ABANDONED

sec_scraping

The aim of this repository is to be able to easily parse SEC-filings and create a model that can be used with a database. Created for dilutionscout.com.

how to setup dilution_db:

Fork/clone repository
Create an empty database in postgresql
make a copy of the public.env file or add it to gitignore
Fill the .env file with the database info
Add paths for files to the .env
Add the polygon API key to the .env. Get a free polygon api key if you havnt got one. polygon pricing page
specify what companies and what sec forms to track in main/configs.py (class AppConfig)
do (in a file above the main directory):

if you want to parse the filings

    from dilution_db import DilutionDB
    from main.configs import FactoryConfig, GlobalConfig
    from boot import bootstrap_dilution_db
    
    config = FactoryConfig(GlobalConfig(ENV_STATE="prod").ENV_STATE)()

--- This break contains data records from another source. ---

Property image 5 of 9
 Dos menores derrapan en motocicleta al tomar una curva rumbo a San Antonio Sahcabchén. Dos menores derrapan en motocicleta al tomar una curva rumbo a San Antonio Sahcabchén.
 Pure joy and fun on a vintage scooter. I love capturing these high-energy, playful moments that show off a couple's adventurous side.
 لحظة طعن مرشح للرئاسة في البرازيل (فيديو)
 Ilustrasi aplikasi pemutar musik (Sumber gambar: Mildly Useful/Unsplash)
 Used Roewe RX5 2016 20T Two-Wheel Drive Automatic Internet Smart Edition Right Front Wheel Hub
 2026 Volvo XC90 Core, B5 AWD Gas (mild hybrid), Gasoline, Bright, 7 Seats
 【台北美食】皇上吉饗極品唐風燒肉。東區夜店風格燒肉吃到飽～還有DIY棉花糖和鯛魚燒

    db = bootstrap_dilution_db(
        start_orm=True,
        config=config
    )
    db.inital_setup()
    # this will download at least 20GB of bulk data, the base info for the
    # company and all filings of the specified forms,
    # and will try to parse the filings and write to the database

if you only want the base and xbrl companyfacts data (cashburn, outstanding common shares)

    from dilution_db import DilutionDB
    from main.configs import FactoryConfig, GlobalConfig
    from boot import bootstrap_dilution_db
    
    config = FactoryConfig(GlobalConfig(ENV_STATE="prod").ENV_STATE)()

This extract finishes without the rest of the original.